CdcAddFileIndex¶
CdcAddFileIndex is a TahoeBatchFileIndex with the following:
| Property | Value |
|---|---|
| Action Type | cdcRead |
| addFiles | The AddFiles of the given CDCDataSpecs |
CdcAddFileIndex is used by CDCReaderImpl to scanIndex.
Creating Instance¶
CdcAddFileIndex takes the following to be created:
-
SparkSession - AddFiles by Version (
Seq[CDCDataSpec[AddFile]]) - DeltaLog
-
Path - SnapshotDescriptor
- Row Index Filters
CdcAddFileIndex is created when:
CDCReaderImplis requested for the DataFrame with deleted and added rows and to processDeletionVectorActions
Row Index Filters¶
SupportsRowIndexFilters
rowIndexFilters: Option[Map[String, RowIndexFilterType]] = None
rowIndexFilters is part of the SupportsRowIndexFilters abstraction.

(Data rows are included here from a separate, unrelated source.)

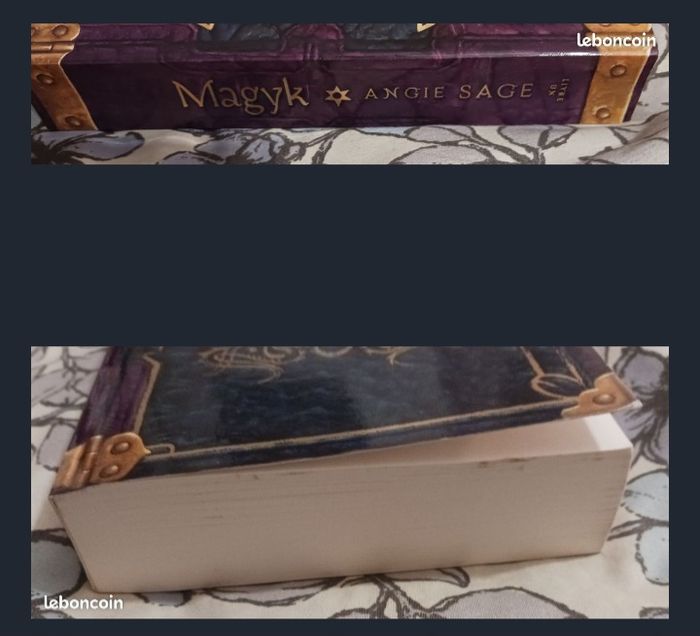 Magyk de Angie Sage - photo numéro 3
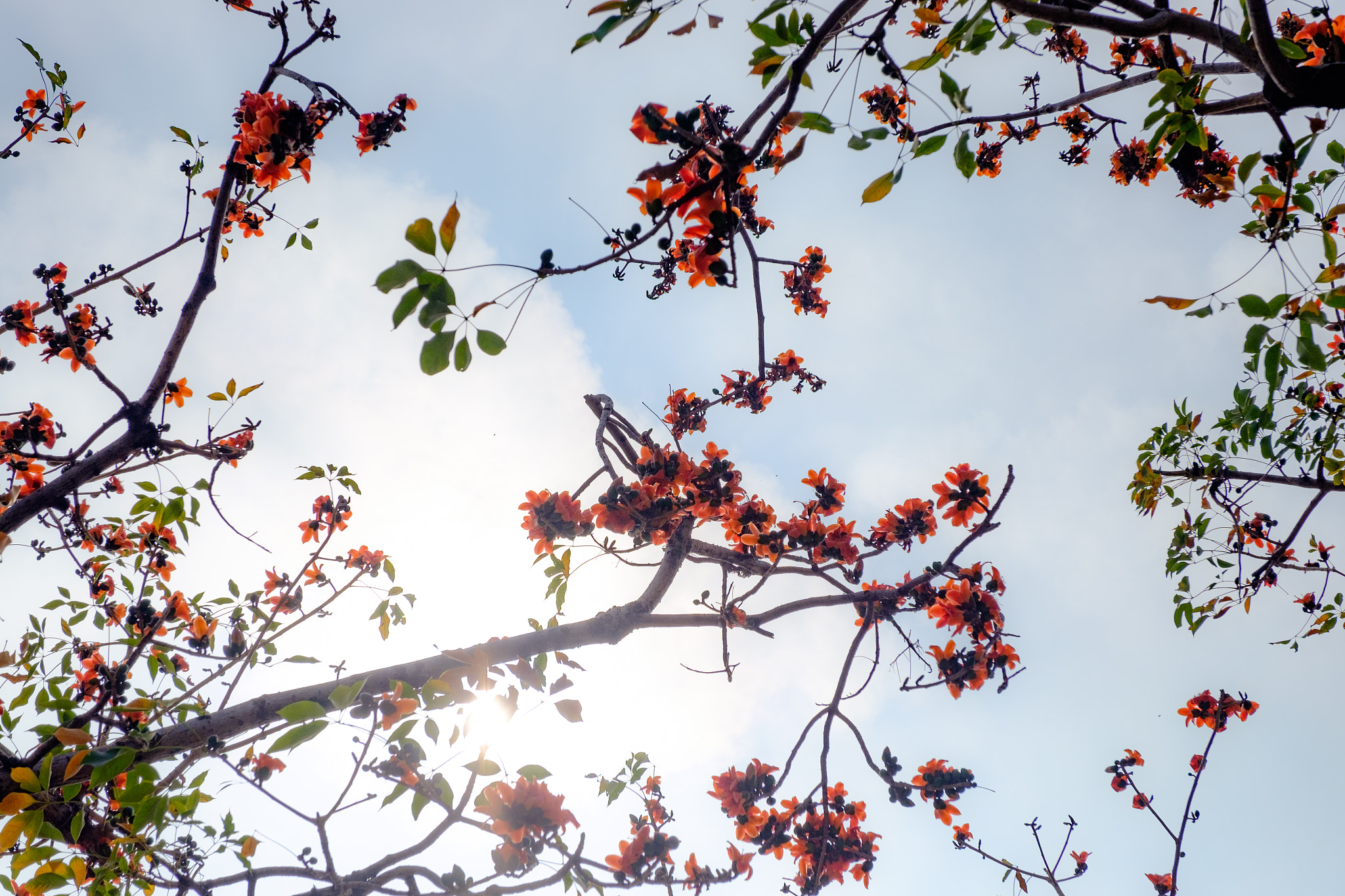 Fujifilm X-T10 + Fujifilm XF 16-55mm F2.8 R LM WR sample photo. 木棉花 photography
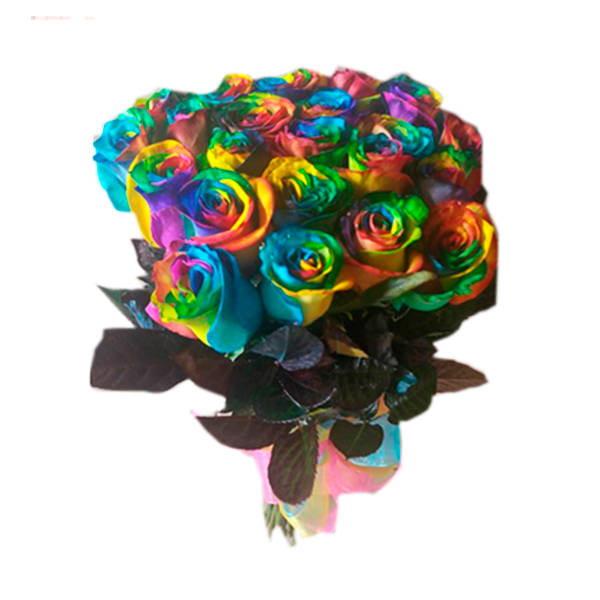 24 ROSAS ARCOIRIS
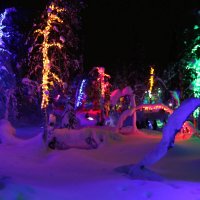 В таинственном лесу :: Ольга В таинственном лесу :: Ольга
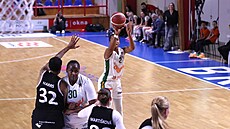 Shay Colleyová ze �abin Brno st�ílí na hradecký ko�.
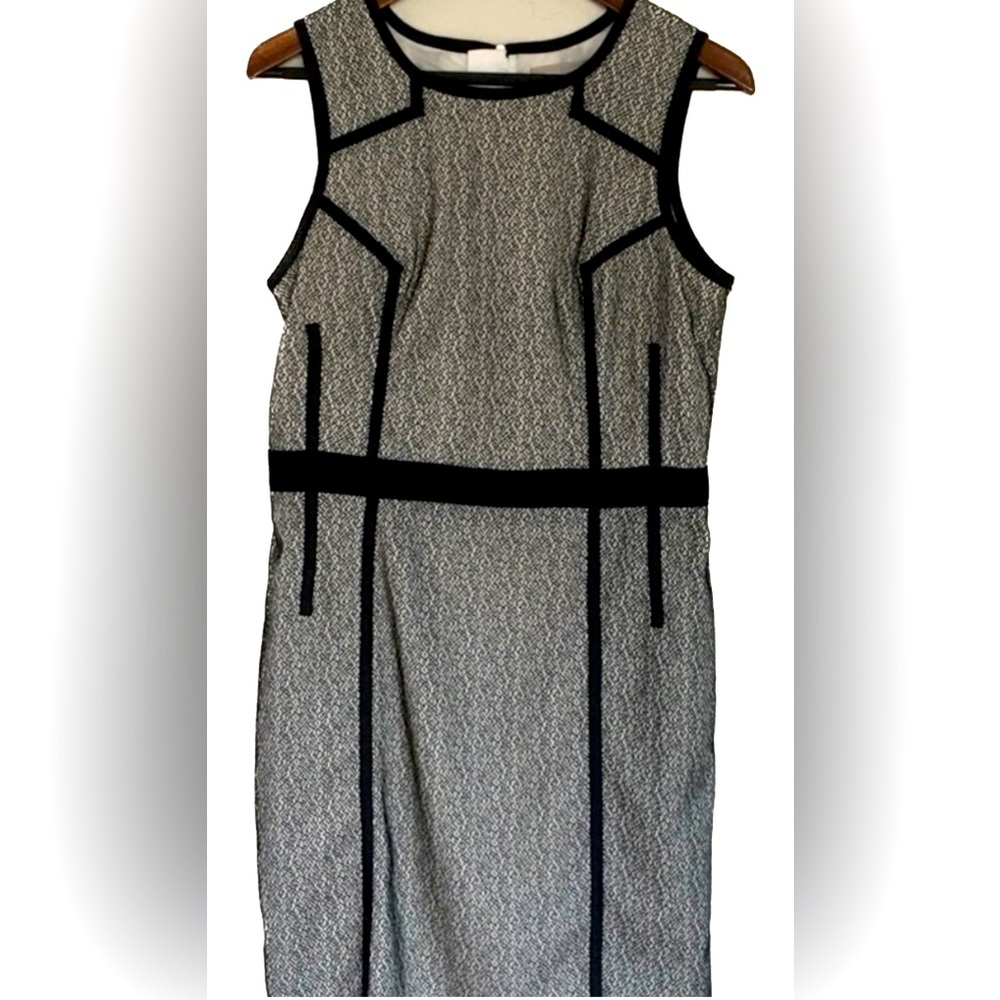 Stunning Banana Republic Shift Dress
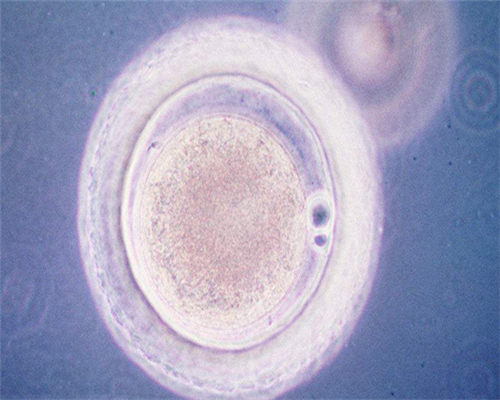 河南试管代孕中心哪家好？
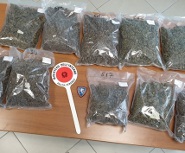 Polizia marijuana A2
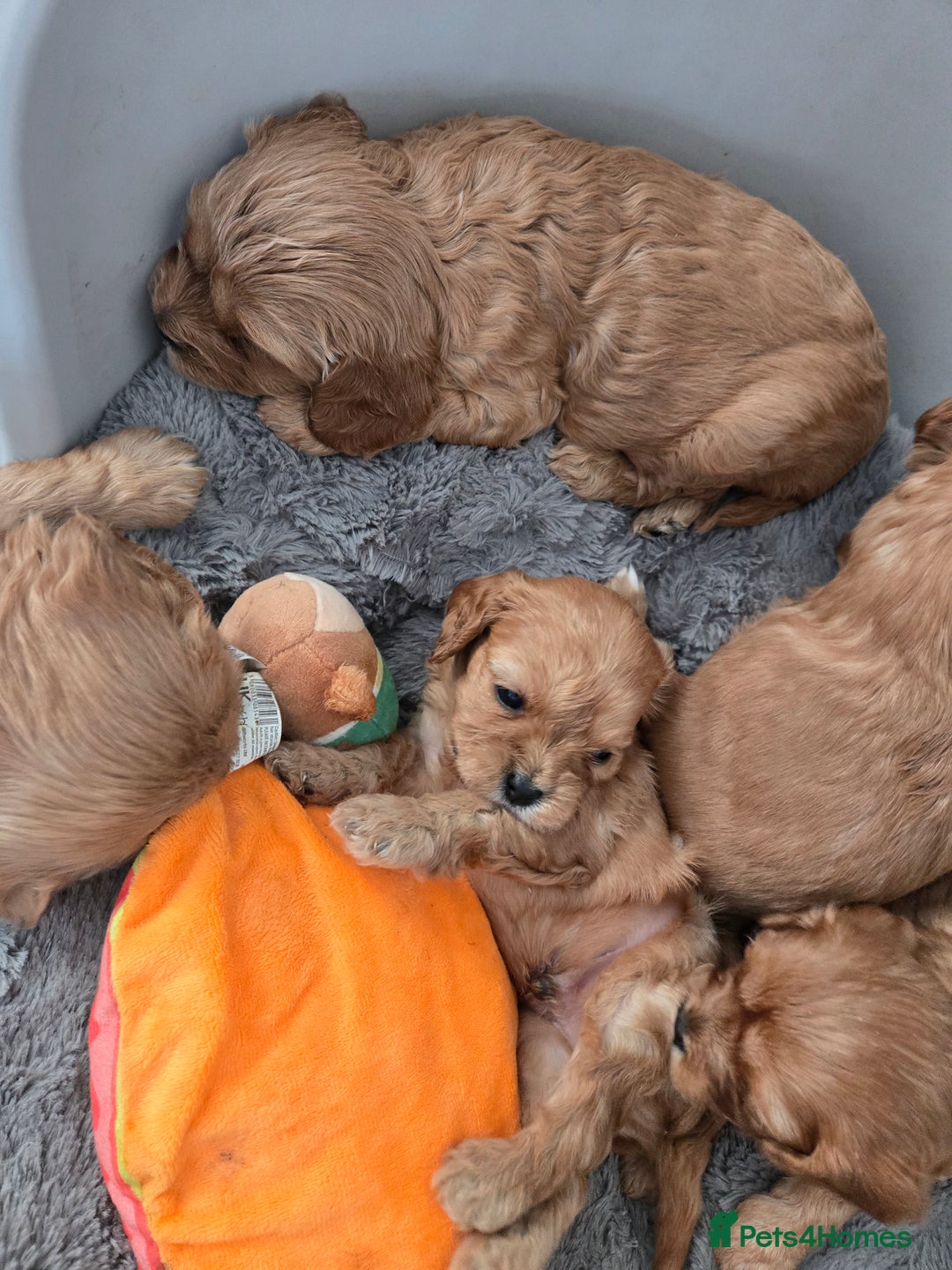 Cavapoo dogs for sale: F1 cavapoo - Image 5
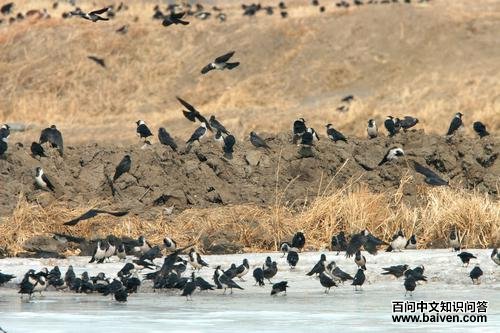 �����ﺮѻ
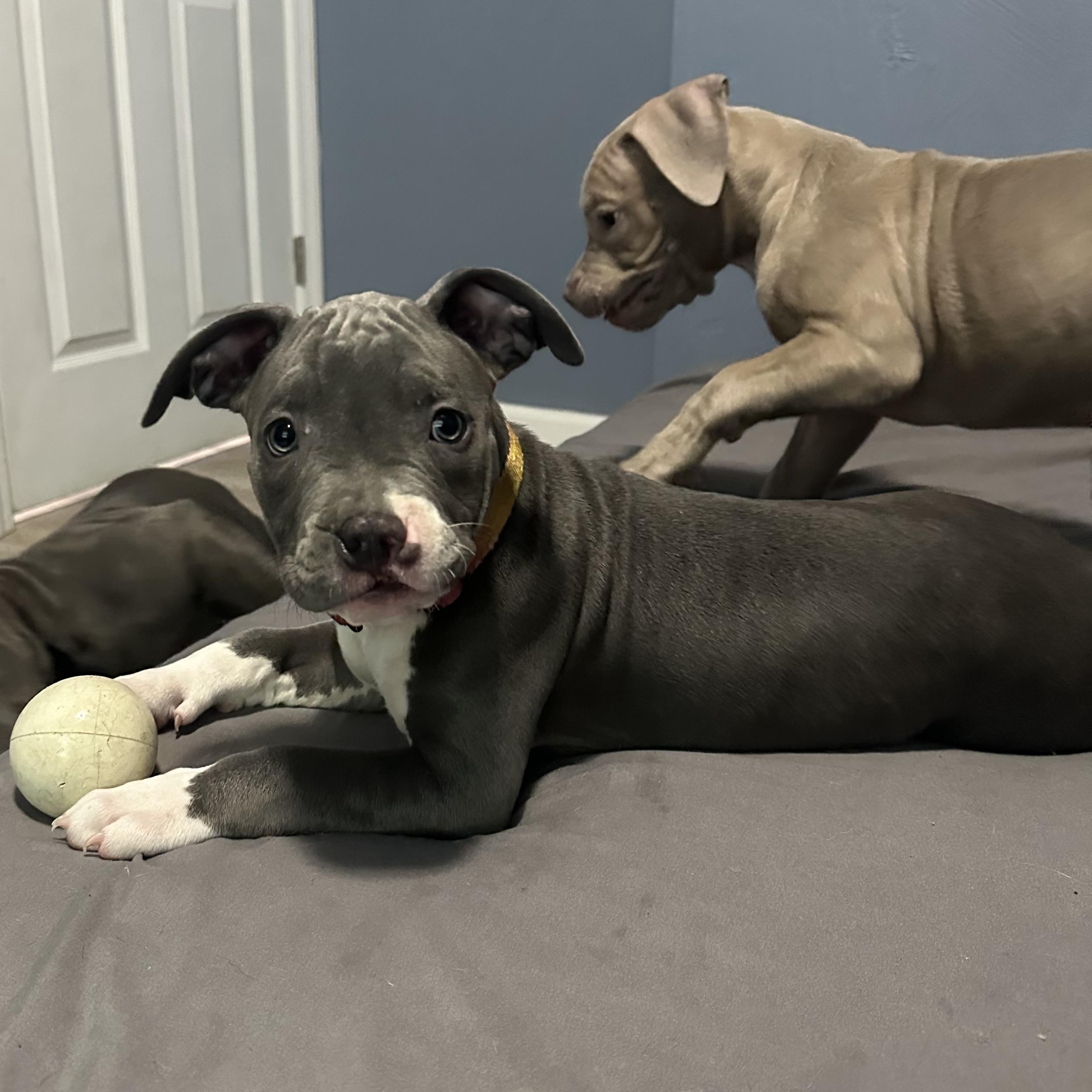 Enlarge Blueberry, an adopted mixed breed in Deltona, FL image 2/4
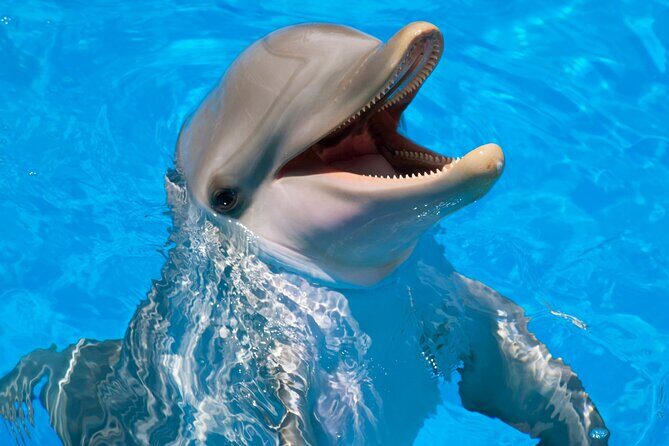 Dolphin House Snorkel & Water Fun Activity with Lunch - Hurghada - Who Will Love This Experience?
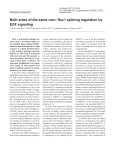 Both sides of the same coin: Rac1 splicing regulation by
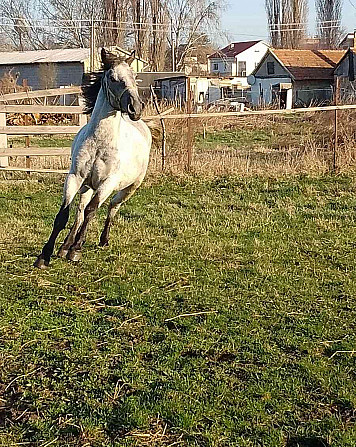 Jazdecke sportovy kobylu pony deres Slovensko - foto 2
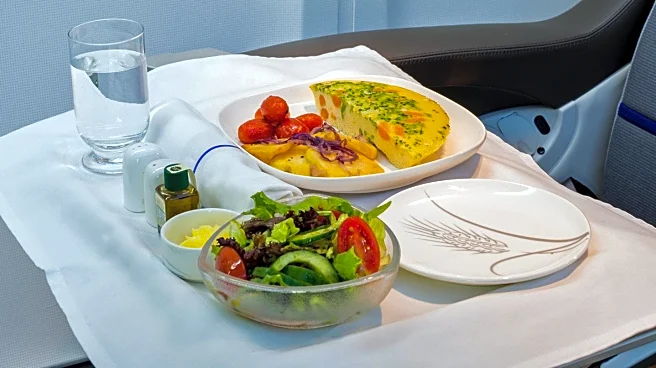 Travel Expert Advises on Inflight Meal Choices to Avoid Discomfort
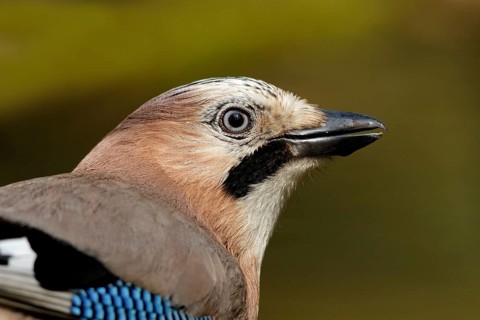 Gaai, Eurasian Jay, Garrulus glandarius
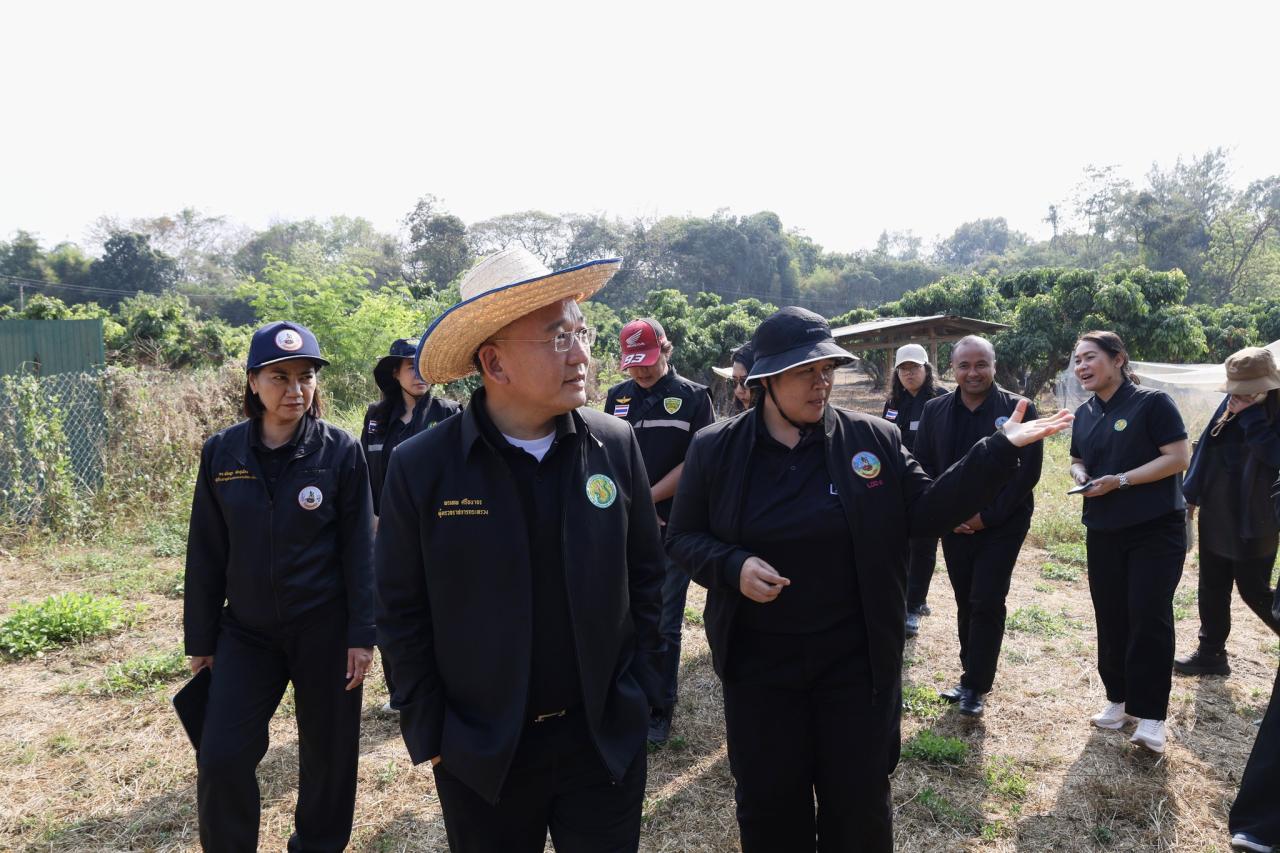 ภาพประกอบที่ 19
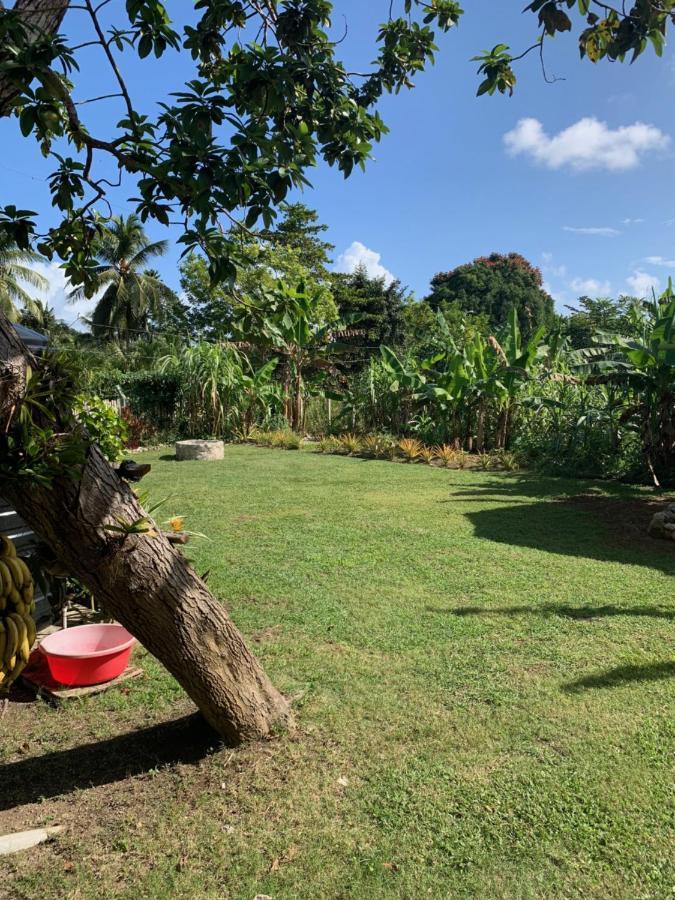 Green Queendom Farm And Lodging Oracabessa Bagian luar foto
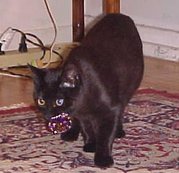 Burmese are clever and playful and many retrieve like this brown Burmese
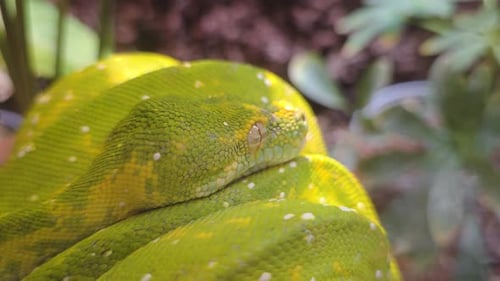 Close-up of Green Tree Python's Head Resting on its Coils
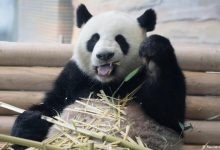 Photo of foto, video | Ai văzut vreodată cum arată puii de panda nou-născuți? La Berlin, o femelă a adus pe lume doi ursuleți
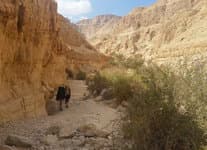 Поход по Израилю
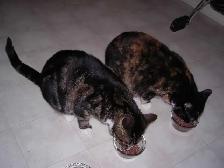 Cat Boarding - Barrhaven - Photo 4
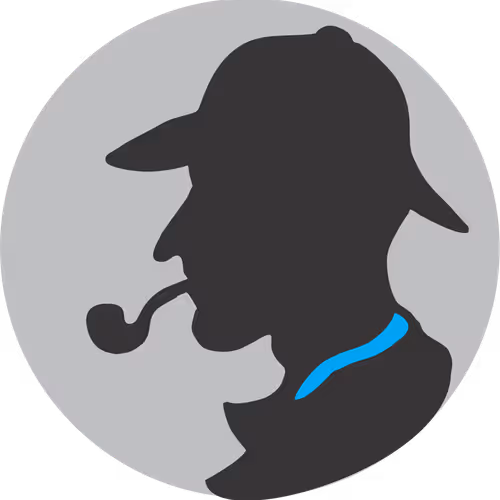 Fictional detective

CdcAddFileIndex is given Row Index Filters when created.
Input Files¶
inputFiles...FIXME
Matching Files¶
TahoeFileIndex
matchingFiles(
partitionFilters: Seq[Expression],
dataFilters: Seq[Expression]): Seq[AddFile]
matchingFiles is part of the TahoeFileIndex abstraction.
matchingFiles...FIXME
Partitions¶
FileIndex
partitionSchema: StructType
partitionSchema is part of the FileIndex (Spark SQL) abstraction.
partitionSchema cdcReadSchema for the partitions of (the Metadata of) the given SnapshotDescriptor.